I have a set of stateful workers implemented as Ray actors. I’d like to distribute the load evenly across these actors; otherwise, my slower machines become bottlenecks while the faster ones sit idle. Essentially, I need work stealing.

I tried using ray.util.ActorPool, but it maintains its state locally. As a result, it cannot properly track load when there are multiple remote callers, since each caller ends up with its own ActorPool state.

My setup looks roughly like this:

@ray.remote
class EngineActor:
    def __init__(self, config):
        self.engine = Engine(config)

    def run(self, arg):
        return self.engine.run(arg)

# setup

config = { ... }
num_workers = int(ray.cluster_resources()["CPU"])
actors = ray.util.ActorPool([
    EngineActor.options(max_concurrency=1, num_cpus=1).remote(config)
    for _ in range(num_workers)
])

And later usage is:

@ray.remote
def process_batch(actors: ActorPool, batch: list):
    return actors.map(lambda actor, job: actor.run.remote(job), batch)

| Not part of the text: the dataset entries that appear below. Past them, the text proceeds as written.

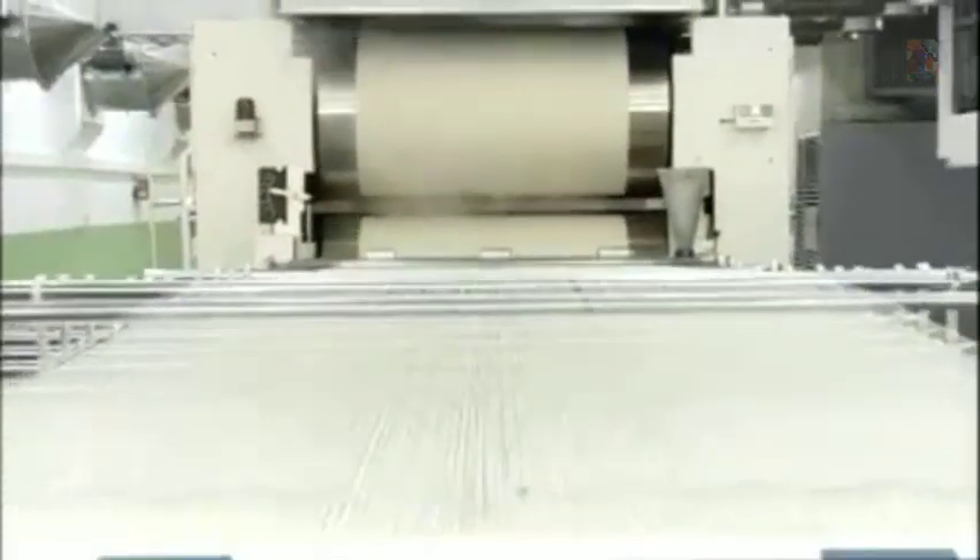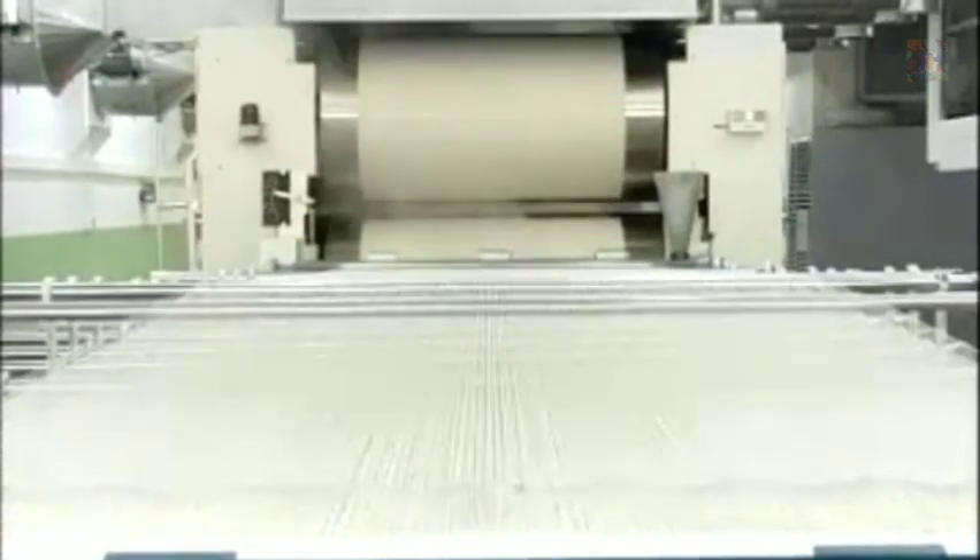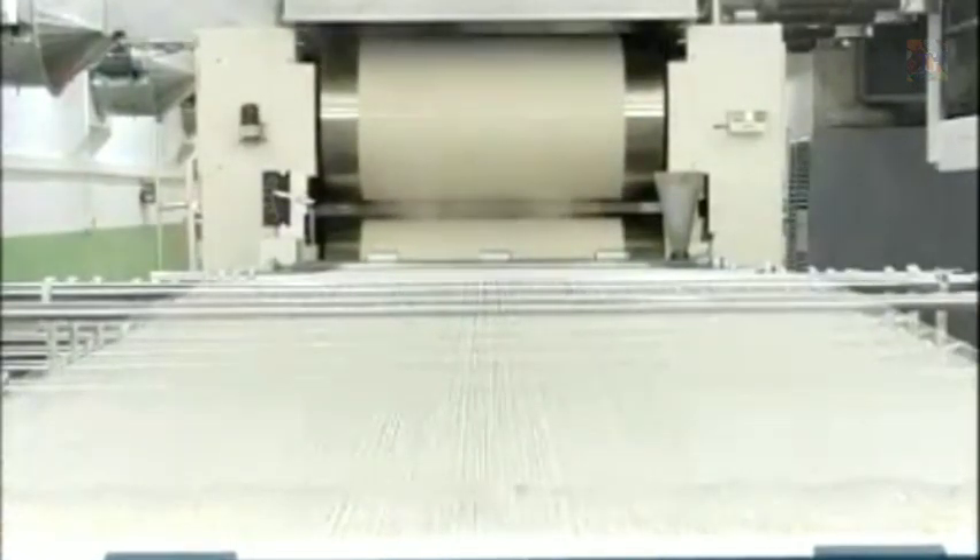Sized yarns are then passing through a series of steam rolls in the drying chamber. Yarns should have good contact with the steam roll surface for a good drying result.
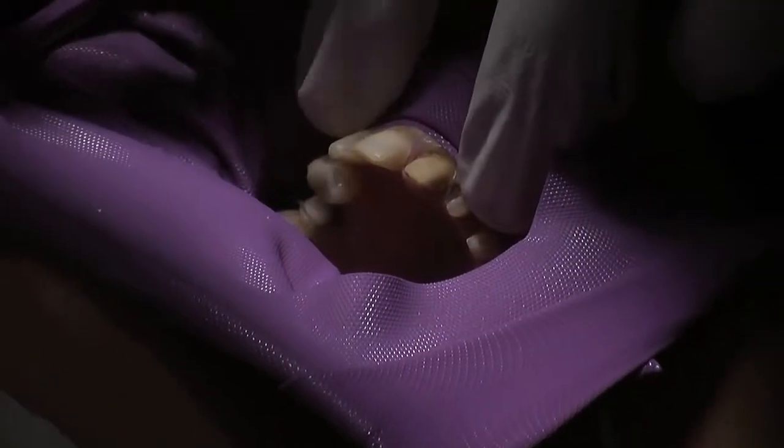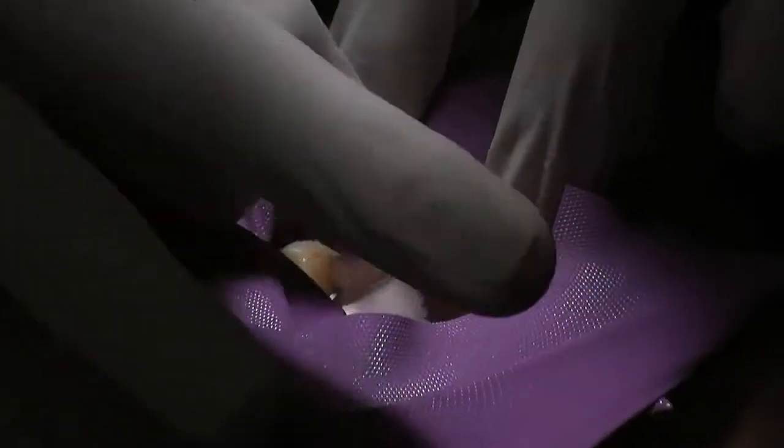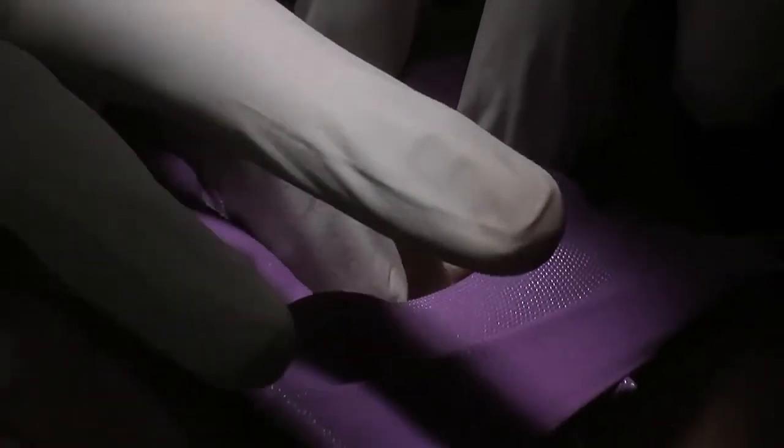To get the perfect isolation, so it's completely dry, I'm going to use a piece of gauze just to cover up the back area which is exposed, just like so.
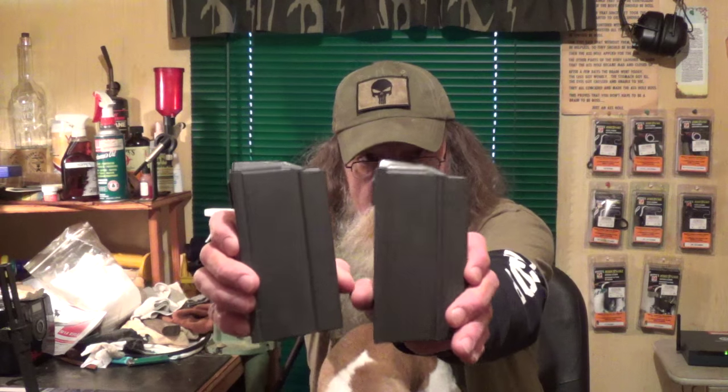So you might want to look into that. You can tell it's the same magazine — the only difference is the Checkmate one says Checkmate right here, whereas the one from Springfield has got the Springfield logo embossed. If you want to pay $25 for that logo, that's your game, but I chose to order three of them. They come sealed up and lubricated to prevent rust, so if you're not going to use them just keep them in those plastic bags.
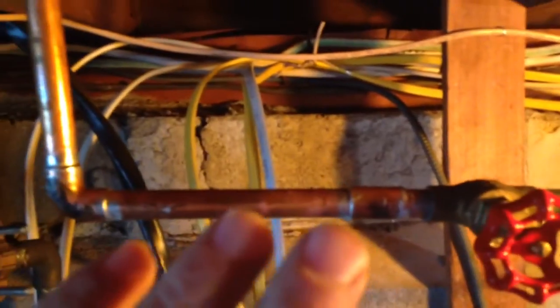So these are all kind of wiped clean. Once I soldered it, I turned my water back on slowly, inspected for leaks — there were no leaks. And we'll go outside and open up the sill cock.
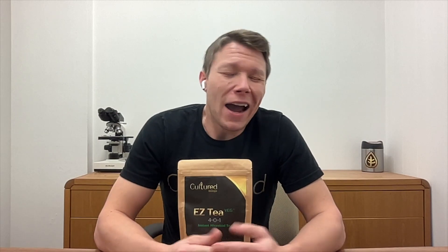Use Easy Tea Veg during the vegetative growth stage of plant growth once a week between feedings. I usually tell people to choose a day in the week like Sunday and have a tea day. The Easy Teas work fantastic in soil and can completely replace brewed compost teas.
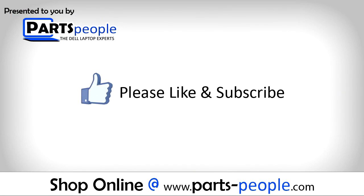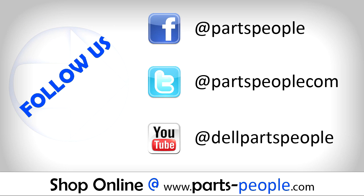Thanks for watching. If you enjoyed this tutorial, give this video a like and subscribe to our YouTube channel. Check the video description below for links to written tutorials and replacement parts.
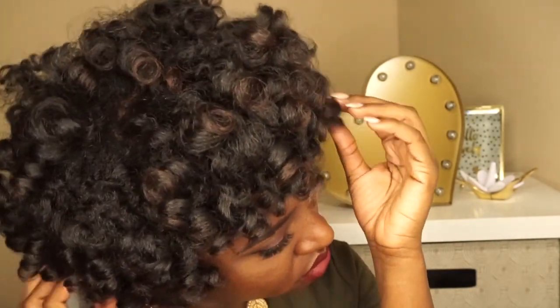Did you just wash your hair and don't know how to wear it for Valentine's Day? Or maybe you're rocking an old style and don't know how to style it? Well, I got your back. Stay tuned to see how I created these three easy looks for Valentine's Day.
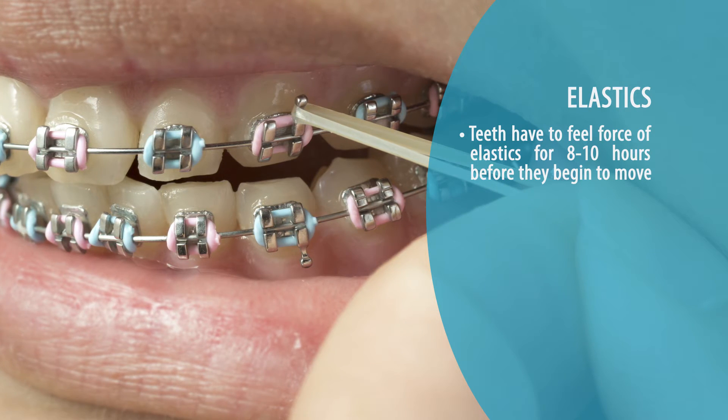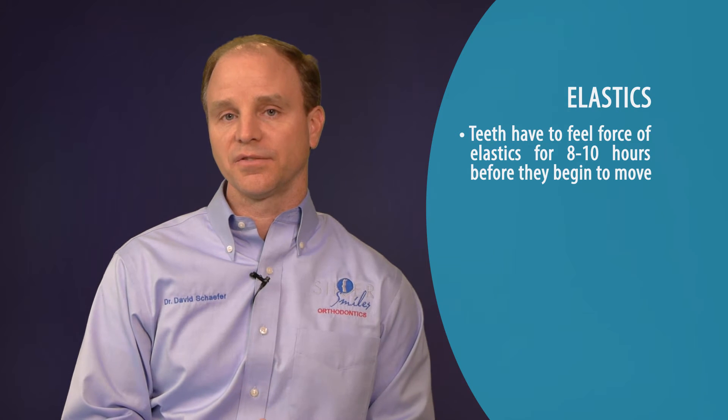So I tell kids: once you get those teeth starting to move, you've got to keep that force on them and keep them moving in a positive direction.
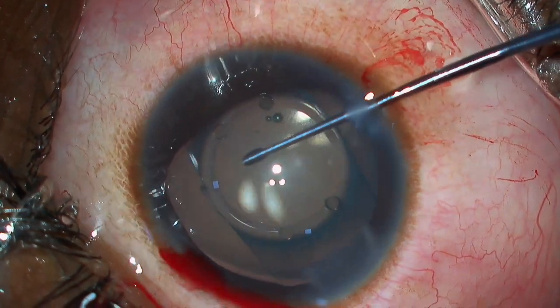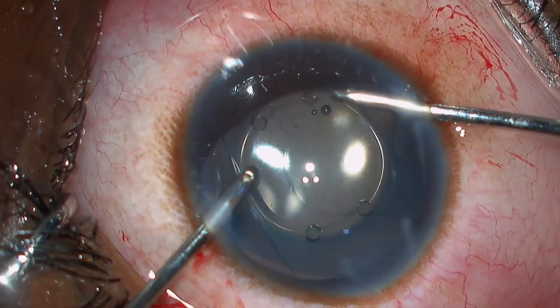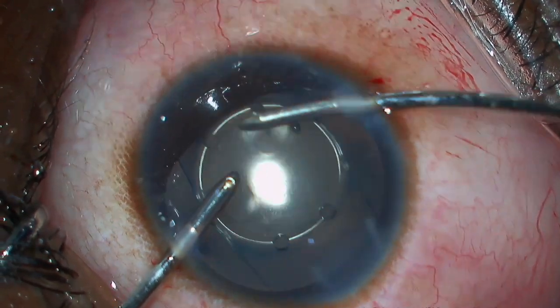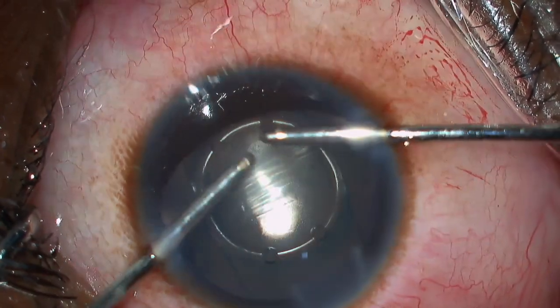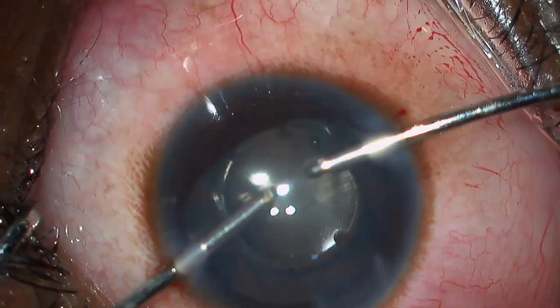After centering the RIL, the most important step is washing away the viscoelastic from the anterior chamber completely. Sometimes I place the irrigation port near the hole so that it goes under the lens and pushes away the visco between the RIL and the anterior lens capsule.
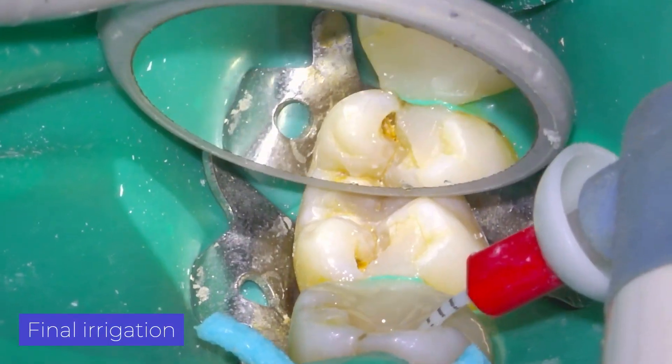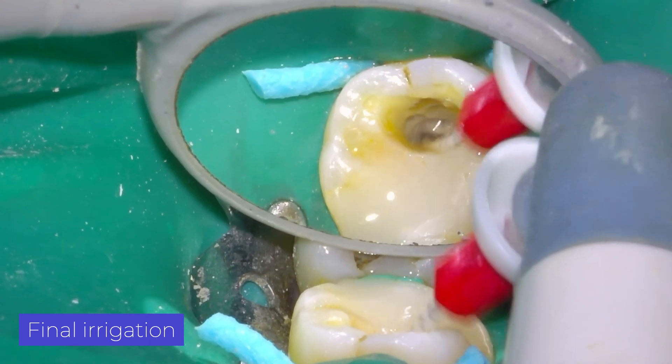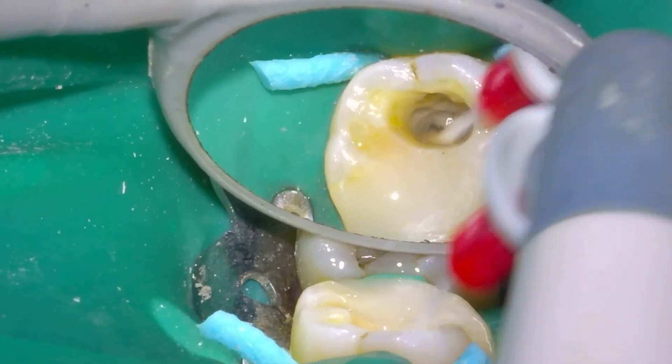In the last irrigation, we activate hypochlorite sonically, then EDTA 17%, and finish with sodium hypochlorite.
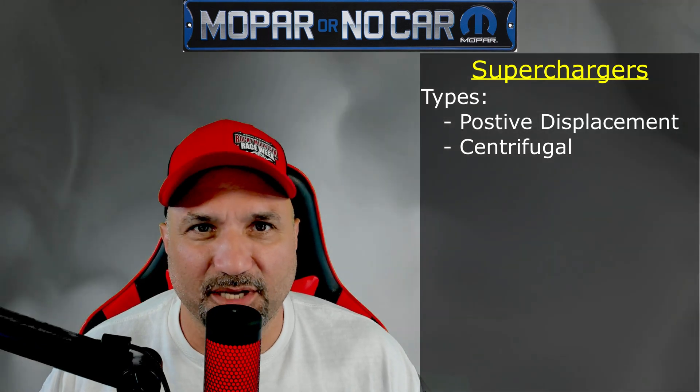Let's get straight into it. The first thing we want to talk about from a forced induction perspective is superchargers. Now, there are two types of superchargers: positive displacement and centrifugal superchargers. I always mess that word up and I'll continue to mess it up, so just bear with me.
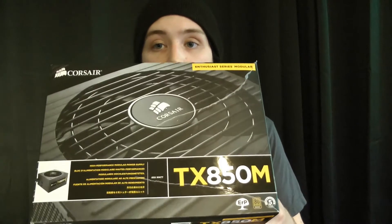Hey, this is Eilikus and today I'm going to be unboxing the Corsair TX850M. If you like my channel, subscribe and give me a thumbs up if you like these videos. And if you've got any questions, put them down below.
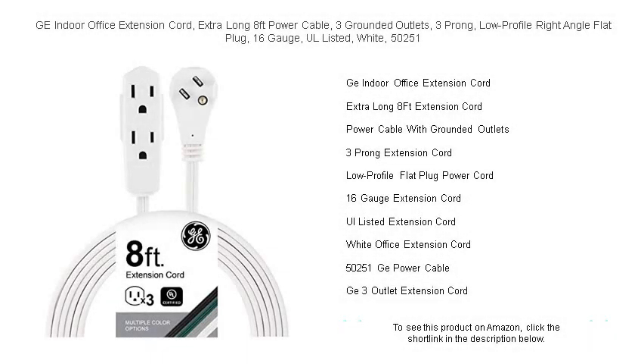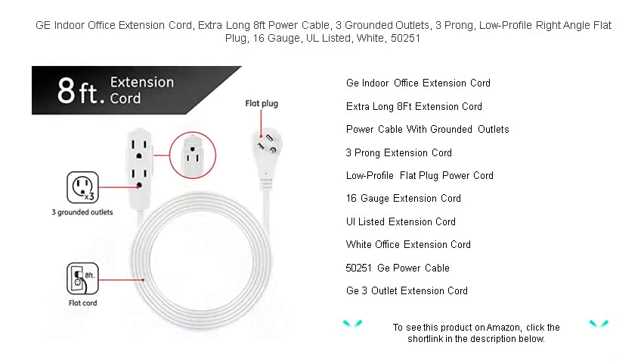Unleash the power of efficiency and convenience with the GE Indoor Office Extension Cord. Designed to seamlessly integrate into your workspace, this extra-long 8-feet power cable extends your reach, ensuring you can connect all your essential office gadgets with ease.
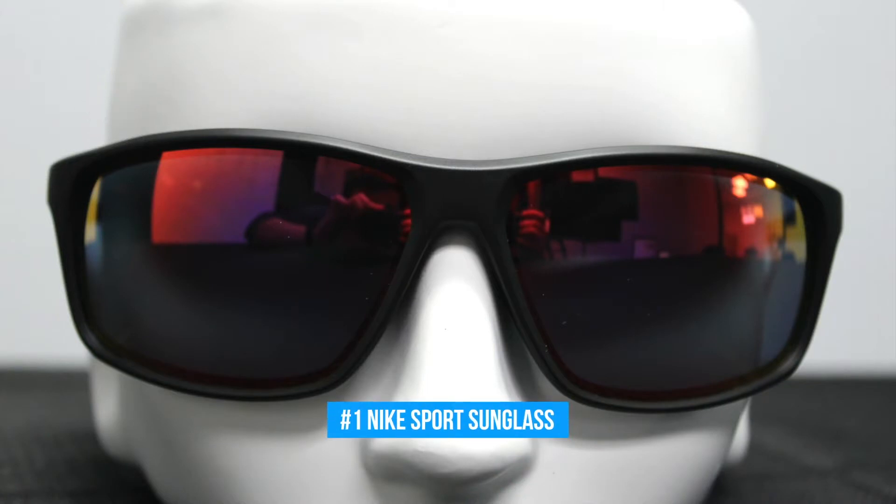With Nike's lightweight technology, these glasses make it seem like there's nothing on your face, and in today's world that's a huge thing. With its flexible temples, as you can see here, it is a wrap frame, but it is a comfortable wrap frame.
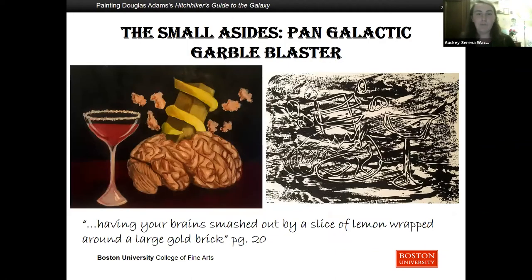Another reason why I really love this book is all the small asides, often from the Hitchhiker's Guide, that play into the novel in humorous and image-packed ways. For instance, this piece has some accompanying text: 'The Hitchhiker's Guide to the Galaxy also mentions alcohol. It says that the best drink in existence is the Pan Galactic Gargle Blaster. The effect is like having your brain smashed out by a slice of lemon wrapped around a large gold brick.' And here you can see my oil on canvas piece next to its adjoining print, which is in reverse because of that process.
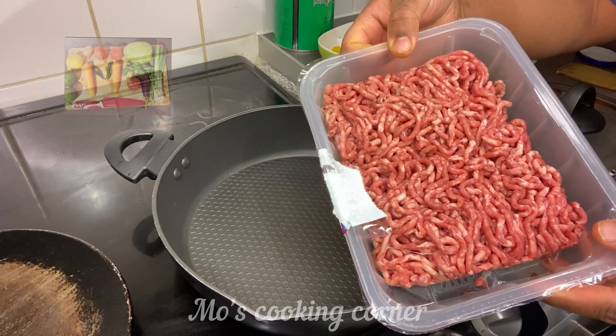Mix them all together. Now I'm going to add one teaspoon of salt.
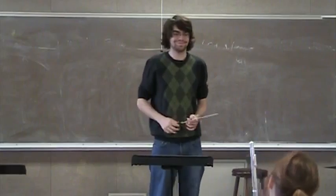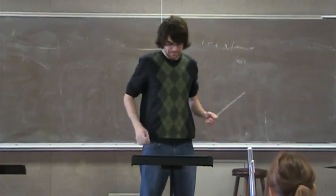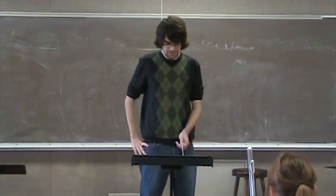What do you have for a dynamic in the fourth bar or the second bar? The fourth bar of the second line? Forte.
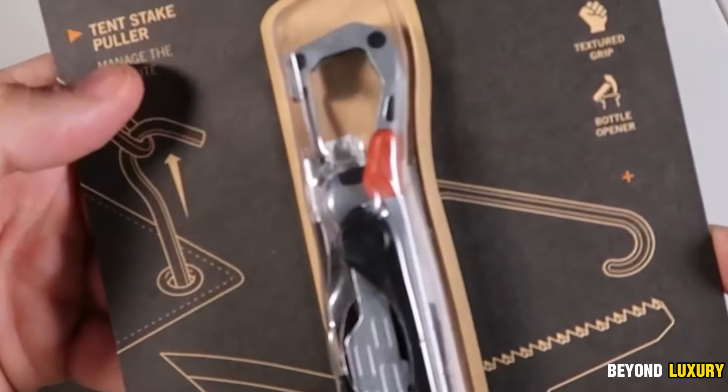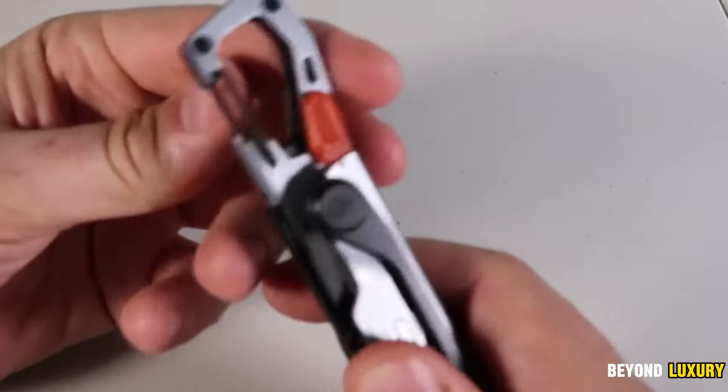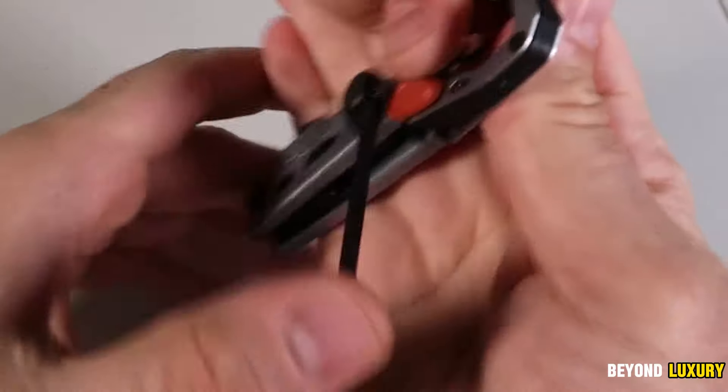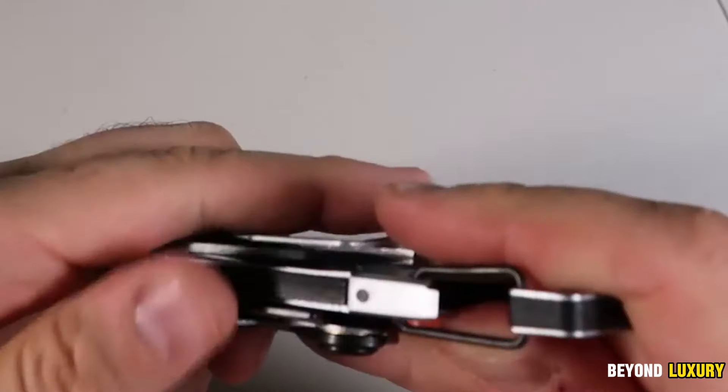Keep the Gerber Gear Stakeout Multifunctional Tool, an 11-in-1 marvel, close at hand to simplify any expedition. Made from stainless steel, this versatile tool includes everything from a precision blade to a carabiner for easy carrying. Lightweight, sleek, and convenient, it folds into your pocket or hangs from your backpack. Perfect for hunters or anyone who thrives on adventure.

Because process_batch itself is a remote function, the ActorPool state is not shared or synchronized, which leads to incorrect load balancing. Unfortunately, my case cannot be restructured to use a single central coordinator.

If this were a single-process asyncio setup, I would simply use an asyncio.Queue, where each job is something like a tuple[asyncio.Future, Any], and workers would resolve the Future with the processed result. However, I haven’t been able to find anything equivalent to a lightweight asyncio.Future in Ray.

What is the proper way to implement work stealing between Ray actors in this scenario?

Thank you.

Ray’s built-in ActorPool does not support distributed work stealing or shared state across multiple remote callers; each ActorPool instance maintains its own local state, so it cannot coordinate load or enable true work stealing in a distributed setting. There is no built-in Ray equivalent to asyncio.Future for lightweight, distributed job tracking and resolution between actors, and Ray Queues are not designed for work stealing or actor load tracking either. According to this discussion, the only way to share an ActorPool is to wrap it in a dedicated manager actor, but this still centralizes coordination and does not provide distributed work stealing.

If you cannot use a single coordinator, you will need to implement a custom solution, such as a shared Ray Queue or a custom manager actor that tracks job assignments and actor load, but this is not natively supported for work stealing. Ray Datasets or Ray Data Pipelines may offer better built-in support for distributed load balancing and backpressure, as suggested in this thread. Would you like more detail on how to implement such a custom manager or alternative patterns?

Sources:

Hint: Mention @RunLLM in the post for followups.

For now, I did this:

@ray.remote
class Dispatcher:
    def __init__(self, actors: list):
        self.actors = actors
        self._free = actors[:]
        self._queue = asyncio.Queue()
        self._cond = asyncio.Condition()
        self._tasks = [
            asyncio.create_task(self._worker())
            for _ in range(len(actors))
        ]

    async def _worker(self) -> None:
        while True:
            f, task = await self._queue.get()
            async with self._cond:
                while not self._free:
                    await self._cond.wait()
                actor = self._free.pop()

            try:
                result = actor.eval.remote(task)
                f.set_result(await result)
            except Exception as e:
                f.set_exception(e)

            async with self._cond:
                self._free.append(actor)
                self._cond.notify()

    async def eval(self, batch: list) -> list:
        futures = []
        loop = asyncio.get_event_loop()
        for task in batch:
            f = loop.create_future()
            self._queue.put_nowait((f, task))
            futures.append(f)

        return await asyncio.gather(*futures)

    # must be called manually after the computation is over
    async def stop(self) -> None:
        for t in self._tasks:
            if not t.done():
                t.cancel()
        self._queue.shutdown(True)


Scheduled as:

    num_workers = int(ray.cluster_resources()['CPU'])
    dispatcher = Dispatcher.options(
        num_cpus=0,
        max_concurrency=num_workers * 10,
        scheduling_strategy=ray.util.scheduling_strategies.NodeAffinitySchedulingStrategy(
            node_id=ray.get_runtime_context().get_node_id(),
            soft=False
    )).remote([ # actual actors doing the work
        EvalActor.options(max_concurrency=1, num_cpus=1).remote(ref)
        for _ in range(num_workers)
    ])

# and later

@ray.remote(num_cpus=0)
def process_batch(dispatcher, batch):
    return ray.get(dispatcher.eval.remote(batch))

Quite a few issues:

  1. Requires manual worker failure handling (missing)
  2. Requires manual scheduling when cluster changes (part/join, missing)
  3. num_cpus=0 hacks
  4. Double serialize/deserialize as there’s no async ray.wait fetch_local=False counterpart and we move around the task twice
  5. Graceful shutdown could be better

Its more of a hack rather than a solution.